The China Study by .T. Colin Campbell, Ph.D and Thomas M. Campbell, Ph.D - I have to say I didn't really engage with this book although parts of it were interesting. I didn't like the defensive tone of the writing and there were a lot of statistics that weren't really helpful to the average layperson. As with some of the other books I've read on the Whole Food, Plant Based way of eating, it looks at the health issues that occur when people move away from their traditional diets and start eating a Western diet.

How Not to Diet by Dr Michael Greger - I like this author's writing. It is engaging, humorous and full of puns. I wanted to read another of his books, How not to Die, but I found this book at the library and read it first. I plan on reading How Not to Die this year. How Not to Diet looks at the latest medical and nutritional research regarding health, disease, weight loss and premature death. He explains how nutrition and lifestyle changes can prevent certain diseases or reverse them and how some foods may be more efficacious than medication. This isn't some lifestyle guru dispensing his own ideas. 176 pages of reference notes, an introduction that outlines the inspiration behind his decision to study medicine and the long and winding road that brought him to where he is now. Excellent book.

Paul: A Biography by N.T. Wright - I listened to this via an audiobook over about 6 months after my eldest son recommended it. I've listened to the author on the Ask NT Wright Anything (podbean.com) podcast and respect his intellectual prowess coupled with his humility. This biography of the Apostle Paul was inspiring and presents him in a way that brings him and his times to life for the modern reader. There is a very good review of the book here.

I'm starting the year with a book a friend gave me for Christmas, Beholding and Becoming, the Art of Everyday Worship by Ruth Chou Simons. It is an exquisitely lovely book illustrated by the author.

In the Steps of the Master by H.V. Morton is a book I thought I'd schedule for Hails this year either as a devotional and/or for geography.
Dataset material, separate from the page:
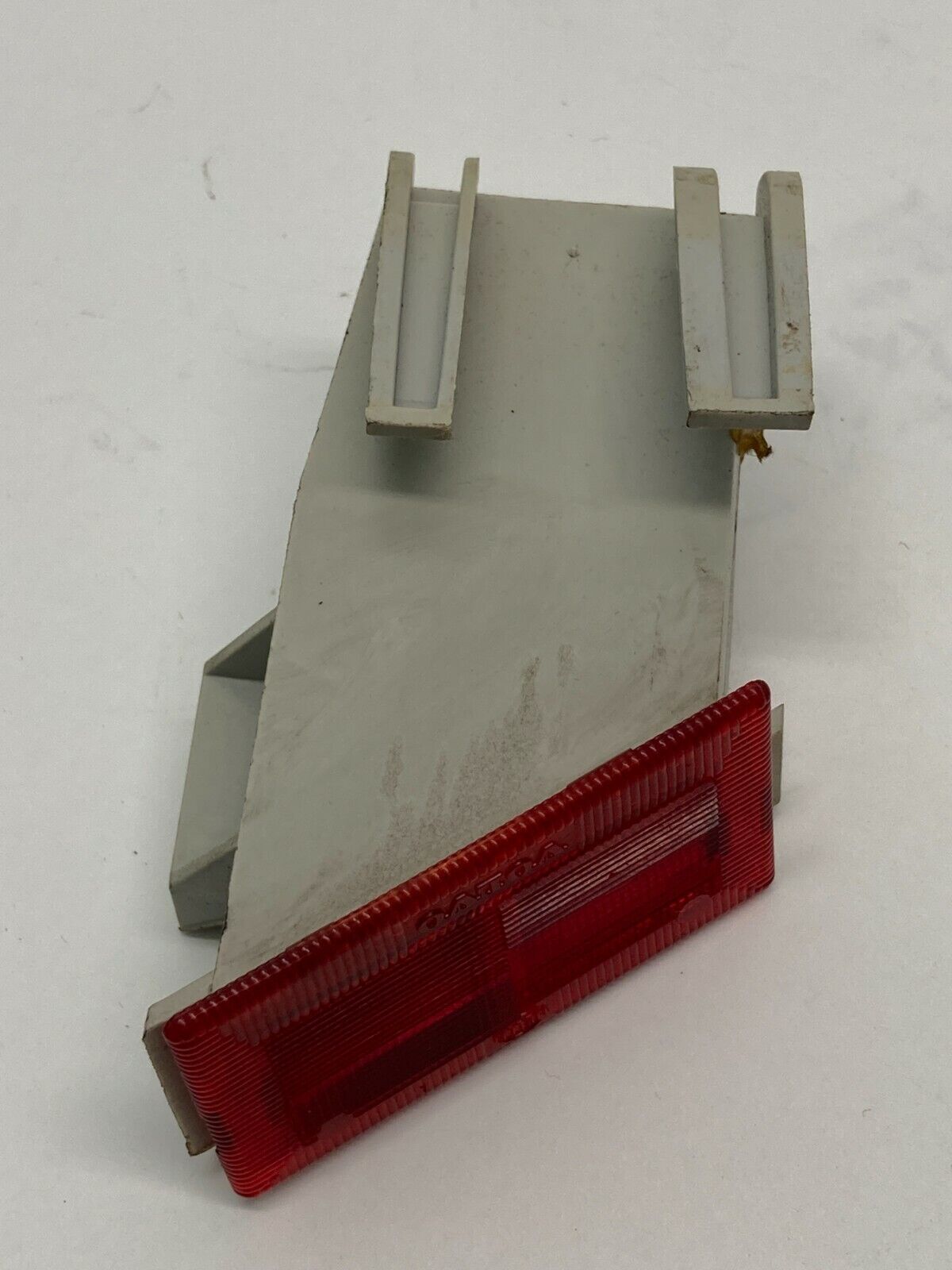 1993-1997 Volvo 850 Rear Left Door Interior Courtesy Lamp Warning Lamp 9133350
I have enjoyed it so much and am about halfway through its 375 pages. It is set in Palestine, written in 1934, and is so wonderfully evocative of Biblical times. It's a great book for an older teen and a good companion while reading through the Gospels.

'It was the habit in ancient times to treat any stranger as if he might be a wandering Christ, and this beautiful courtesy still exists in out-of-the-way parts of the earth. We have lost it, and with it something fine and beautiful has gone from our lives.'

 


Wednesday, 15 August 2018

Reading, Thinking, & Domesticity #4

Making Room for Contemplation

I’ve noticed more recently that I’ve become increasingly distracted and my attention span hasn’t been as good as it was. I put it down partly to getting a new iPhone (my old one didn't do much and was often unreliable). When you're using your phone for texting, emails, appointments, reminders, timers etc., it's too easy to be distracted and one thing leads to another if you're not careful.

We're also in the throes of bathroom renovations that have dragged on for over 7 weeks (update that to 9 weeks!) & that’s made life a little chaotic, too...burst waterpipes, cement dust, tradesmen not turning up when they said they would or arriving when you aren't expecting them, pluming supplier sending the wrong parts...blah, blah, blah. Besides that, my morning walks have come to a halt because of these renovations, which is a sure recipe for a scattered brain for me.

I haven't listened to any podcasts lately but then I came across this one on the Circe Institute website - an interview with author Alan Noble. I haven’t read the book they mention but the podcast discusses making room for contemplation in the context of living in a distracted world. It’s well worth listening to. I’ve been thinking about ways I can cultivate this space - technology can be a great tool and I know I won't be getting rid of my phone so I need to work around it. Distractions aren’t going to disappear even when our renovations are done - something else will jump in, I'm sure, but I'm considering how I can allow space for contemplation regardless.




My older girls read these books by Elizabeth George when they were in their teens. Moozle has read one and is most of the way through the second. She reads a chapter a few times a week as a sort of devotional, apart from her 'official' lessons, and has been enjoying them. The author covers relationships in general and content-wise, they are just right for girls aged about 12/13 years and up. The author also has a book for younger girls (ages 8 to 12 years). I've read a few of her books myself and thought they were very good.
Her husband, Jim George, has written a few books for boys on similar topics. I like the fact that they don't venture into the 'too much information' side of things and leave it up to the parents to decide when to introduce these topics.




The Green Years by A.J. Cronin - this is the second book I've read by this Scottish author and I do like his writing very much. The Keys of the Kingdom was the other book and while The Green Years was not quite as good, it was, nevertheless very enjoyable. The setting is Scotland, in the same area I came from, so that was a great attraction for me. Cronin often substitutes a fictional place name for the one he's writing about but I recognised some of the places from his evocative descriptions.




I've started to read the books above in preparation for a Women's Retreat in mid-September. I'm speaking on The Friendships of Women & I want to look at this from a couple of different angles.

Life Together by Dietrich Bonhoeffer - a classic by the German theologian who was martyred by the Nazis. I read Eric Metaxas' biography of Bonhoeffer  two years ago so it will be good to hear from the man himself. It's only a short book (my copy is 96 pages) & was published in 1954. From what I've read so far, it's very good and fairly easy to read.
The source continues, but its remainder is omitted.